When my daughter and soon to be son-in-law  were helping me set up my blog a year and a half ago, I asked my daughter, “Do you think my blog’s name and heading – Nancy’s Point, A blog about breast cancer and loss, is really depressing?”

“Well, a little bit,” she answered honestly.

At the time, I asked myself well, how do you write about breast cancer and loss without it becoming too depressing? Is that even possible? How do you write about such serious matters in a way in which people might still want to read it?

I don’t know the answers. Back then I decided all I could do was tell the truth, my truth. That’s what I still try to do. I believe in truth telling, even when it’s hard and this week it’s really hard.

This week my truth is this:  I’ve been feeling like screaming, I’ve been feeling like crying and sometimes I’ve been feeling like doing both at the same time.

On the one hand, all I want to do is scream out at the injustice and cruelty of metastatic breast cancer. I want to say: scream:

I will no longer accept excuses for our lack of more humane treatments. Sometimes it’s hard to tell which killed the person, the cancer or the treatment.

I will not settle for minuscule amounts of funds raised being spent on metastatic breast cancer research – 2% is NOT enough!

I will not be satisfied with pink ribbons, and races and walks.

I will not be quiet when it seems as if breast cancer has become accepted, almost as if it is a normal thing.

I will not be quiet when breast cancer is portrayed as a fight you can win if you just stay positive and fight hard enough.

I will not accept that 40,000 deaths per year to breast cancer alone is true progress in this war that was declared on cancer forty years ago.

I am tired of being patient.

In the end, my discontent is not what matters.
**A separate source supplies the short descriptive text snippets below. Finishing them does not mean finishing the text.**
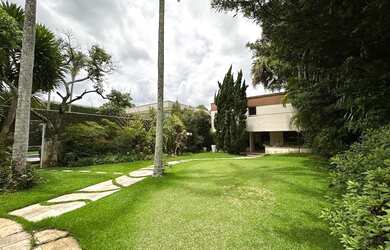 Imagem 2: Casa no jardim Europa. Churrasqueira, Varanda, Guarda roupaeLareira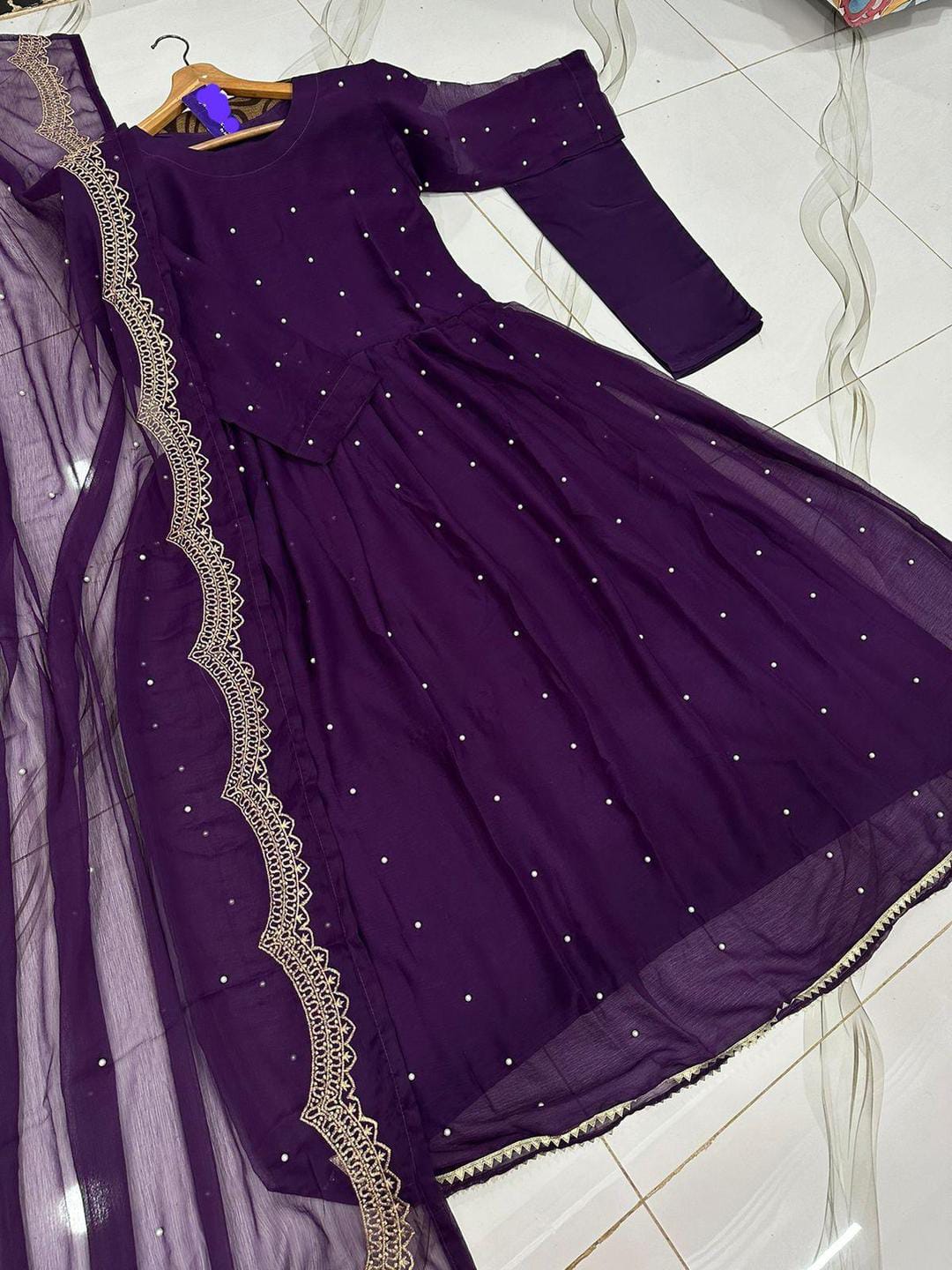 3 Pcs Women's Stitched Embroidered Maxi Suit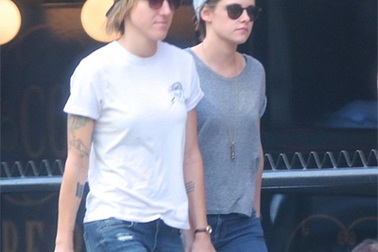 Kristen Stewart hẹn hò người đồng giới?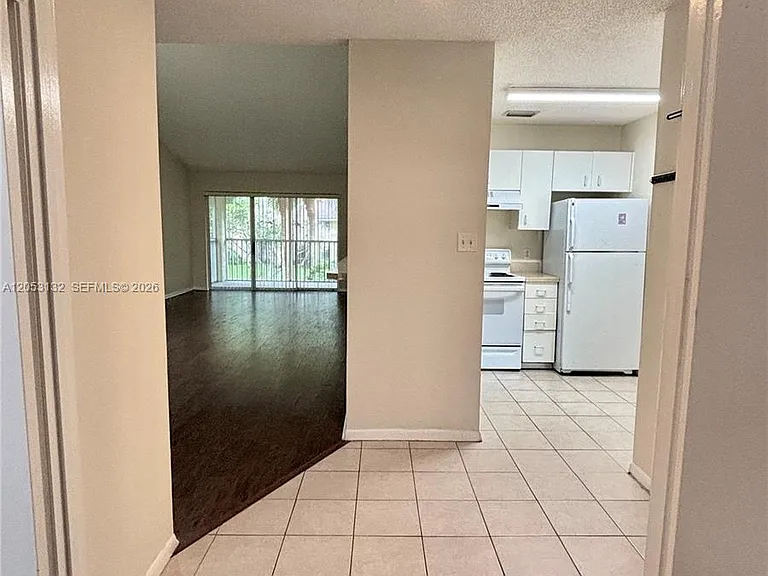 1040 Coral Club Dr #1040 — Photo 5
The facts of metastatic breast cancer matter. I hope you’ll visit the Metastatic Breast Cancer Network website and learn about some of them.

Sometimes during the past few days I did not feel like screaming.

Sometimes I felt like weeping and I did.

I wept for my mother and now for Rachel and Susan and also for Cheryl who passed away on January 15, 2012. I wept for all the women (and men) lost to metastatic breast cancer and the ones I know and do not know who will still be lost.

But weeping will not change things. Screaming in frustration will not change things.

We need meaningful action to change things.

If you are as appalled as I am about the 40,000 lives still being lost each year to metastatic breast cancer, please join in the discussion. Please visit METAVivor Research & Support, Inc.  for more information. Please join an Army of Women. Please donate to a charity that actually focuses on research. Please expect accountability from whatever charities you do donate to.

Please do not settle. Most importantly of all, please do not stay quiet.

Join me and so many others in expecting, no demanding more.

As Stacey from Bringing Up Goliath said in a recent post, “Don’t let it (the losses) be for nothing.”

Some days are for screaming. Some days are for crying. Some days are for both.

This is one of those days weeks.

Rachel’s family chose the following organizations as ones being worthy for donations made in her memory. If they are good enough for Rachel, they are good enough for me. Check them out.

Breast Cancer Action
55 Montgomery St, Ste. 323
San Francisco, CA 94105
METAvivor Research and Support Inc.
1783 Forest Drive #184
Annapolis, MD 21401

Remembering…

Always remembering my mom who passed away from mbc on March 6, 2008

Rachel Cheetam Moro (1970-2012) with her little dog Newman

 

Susan Niebur passed away from mbc on February 6, 2012

 

Cheryl Radford passed away from mbc January 15, 2012.

Who are you remembering?

How do you handle anger and sadness after loss?